Weil die Pizza am Vorabend so lecker und sehr erschwinglich war, verzichten wir darauf, selbst zu kochen. Außerdem habe ich mich dann doch noch entschlossen, die Trekkingsandalen zu kaufen.
Tipp: Die Route ist fühlbar beliebt, der Schotter ist komplett raus. Wer über mehrere Meter im Bruch oder auch im sehr rauen Gestein ist, ist sicher falsch.

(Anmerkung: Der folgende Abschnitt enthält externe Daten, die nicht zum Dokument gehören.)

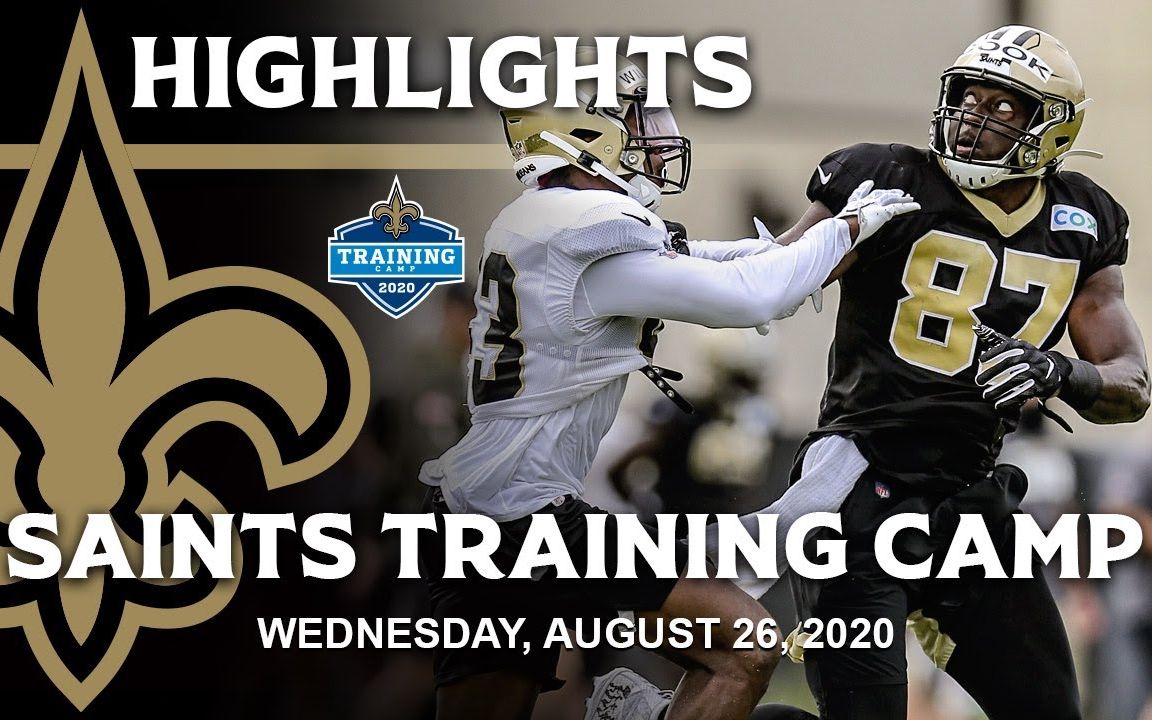 nfl新奥尔良圣徒队训练营集锦 8/26_哔哩哔哩 (゜-゜)つロ 干杯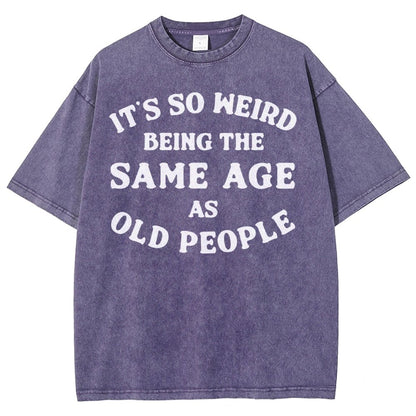 Same Age As Old People Vintage Distressed T-shirt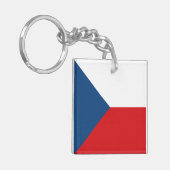 Porte-clés Drapeau de la République tchèque (Devant gauche)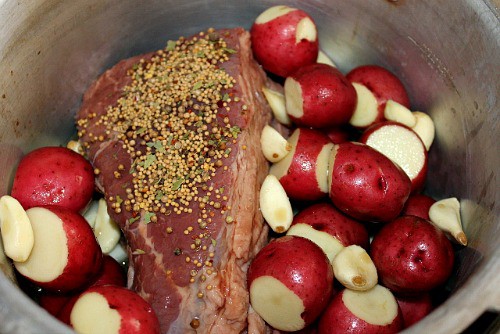 How long does it take to cook corned beef in a pressure cooker? Only 45 - 50 minutes!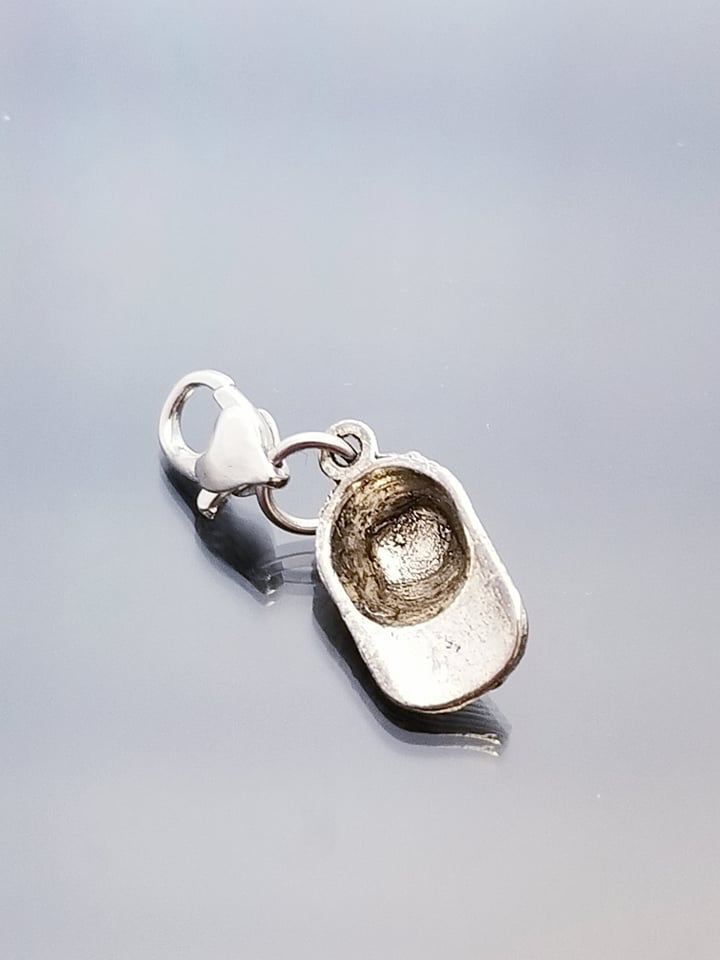 Baseball Cap Charm /Baseball Mom Charm/ Heart Lobster Clasp /Clip On Purse C image 1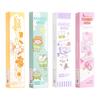 Gel Ink Pen Set with 2 Refills DIY Sticker 0.5MM Fine Point Retractable Pen Quick Drying Smooth Writing Pen School Stationery Student Gift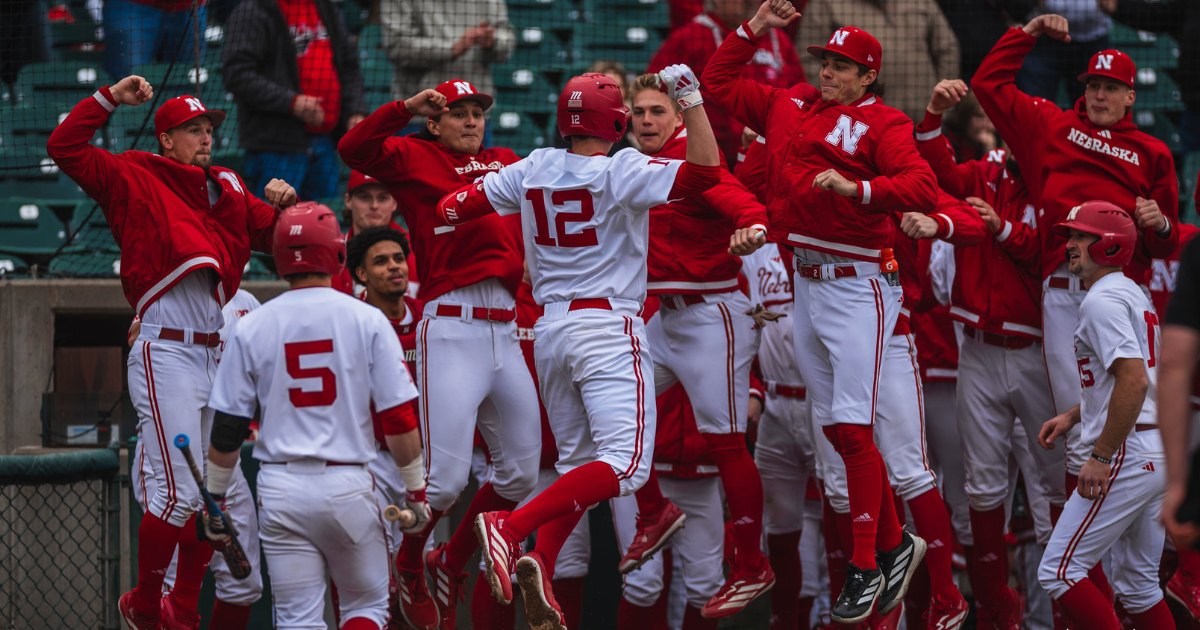 Nebraska baseball beats Omaha 8-5 anchored behind Katskee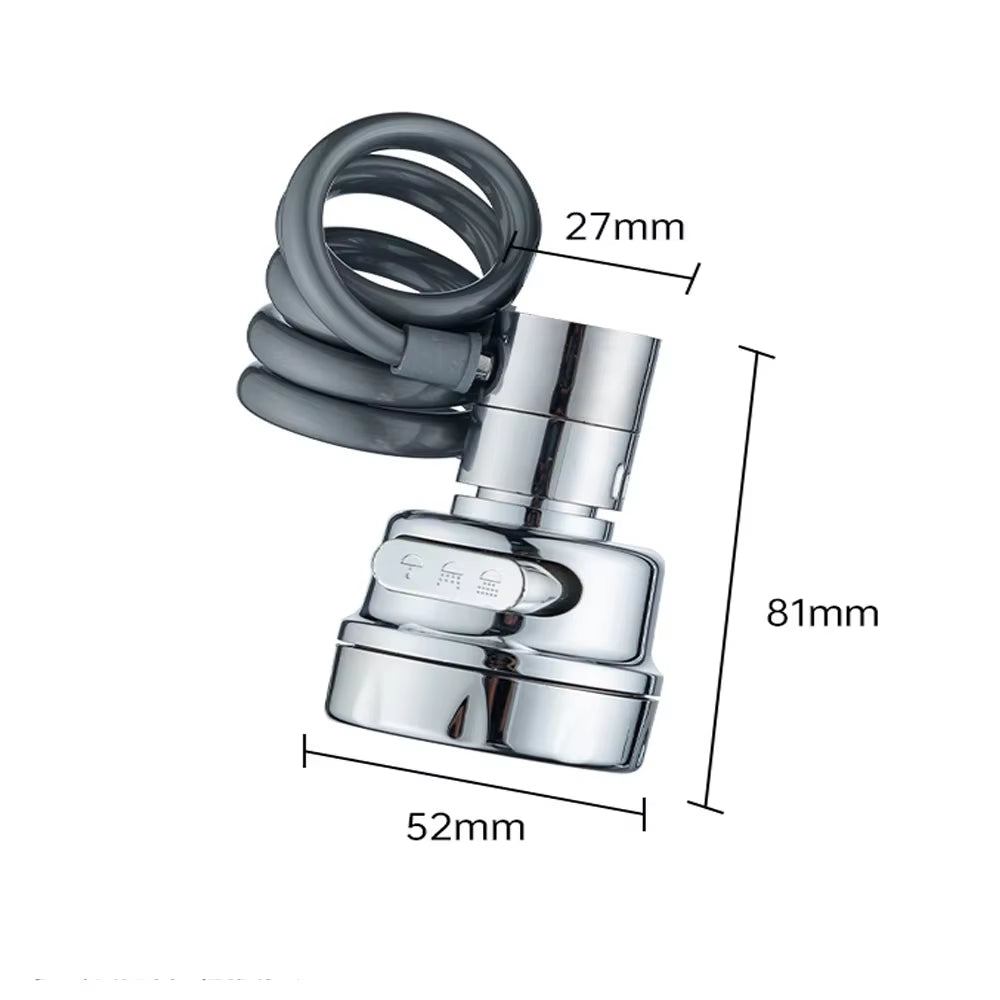 Extensor de Torneira Giratório 360° com 3 Modos de Jato – foto 7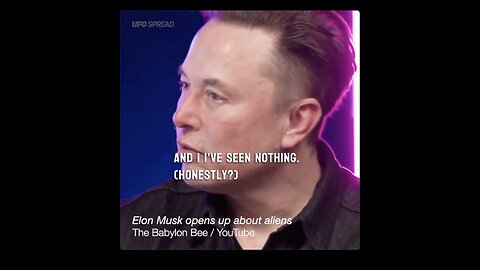 Elon Musk claims, "I've seen nothing" regarding aliens. #aliens #spacefacts #UFOs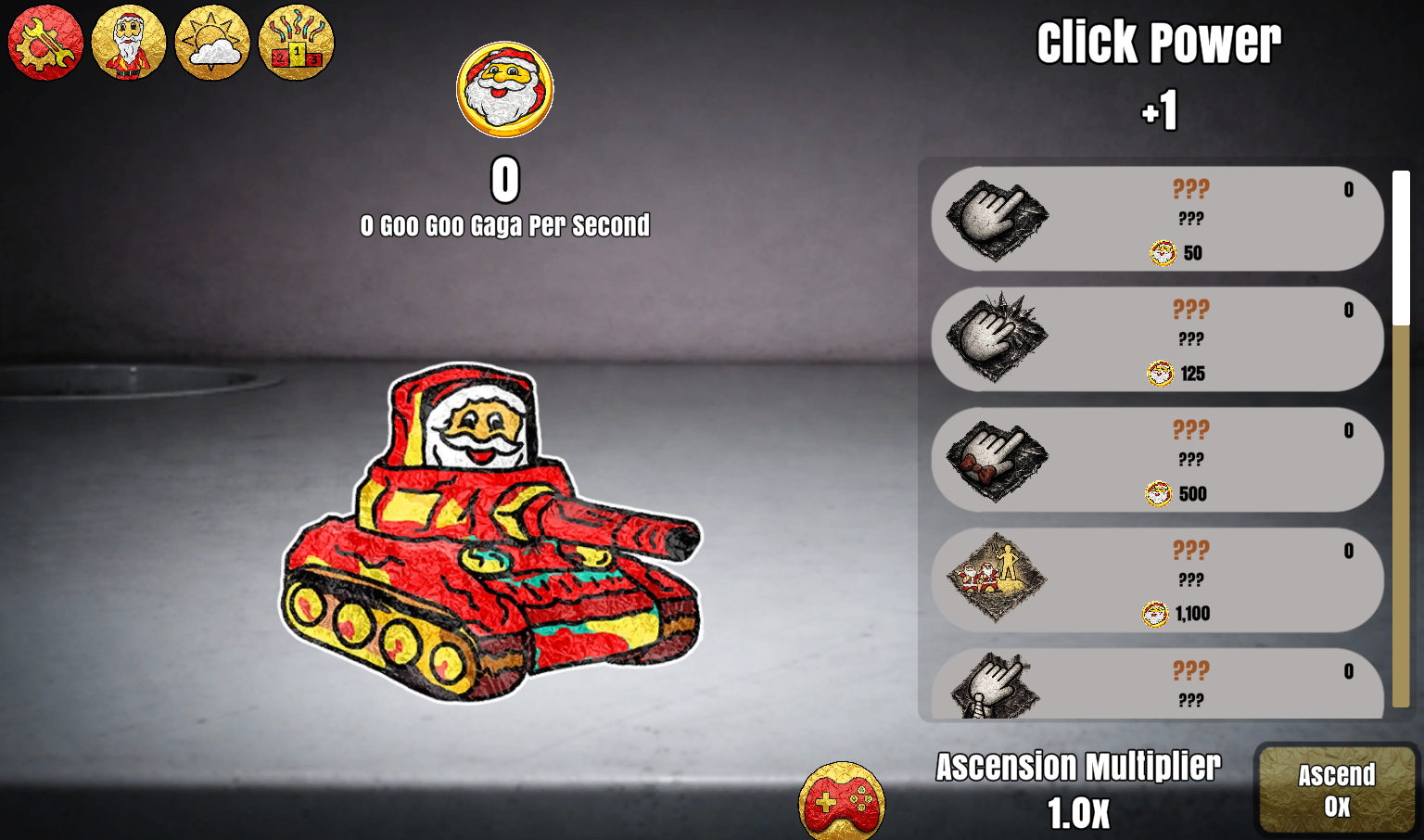 Goo Goo Gaga Clicker Game Screenshot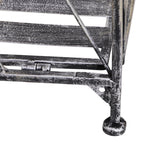 Metal Plant Stand, 3 Tiers Flower Ladder 44x25x96cm, Silver Grey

Trotz der vielen Haken (in den Schlüssellängen brauchten wir keine Schlingen oder Keile) ist die Routen"fein"suche nicht immer einfach. Insbesondere im Quergang, aber auch an mehreren Stellen danach, sind etliche Haken zu finden, an denen bis zu 4 m lange Knotenschüre hängen. Die Route verläuft i.d.R. unterhalb dieser "Verhauerhangeln". Bei der Sanierung der Standplätze wurden Teile der Route verlegt. Sie ist nicht mehr uneingeschränkt dort, wo sie laut KleFü erwartet wird. Insbesondere die Standplätze sind nicht mehr am Originalort, sondern da, wo sie sicherungstechnisch gesehen hin gehören. Es wurde selbst gegenüber dem neuen Führer eine Seillänge eingespart. Gegenüber dem alten Führer waren es gleich vier.) Die Seillängen nach dem Quergang sind dann teilweise so lang, dass man mit 50 Metern nicht nur wegen des Seilzugs auf einen geraden Seilverlauf achten muss. Um unsere 55- Meter- Seile waren wir froh.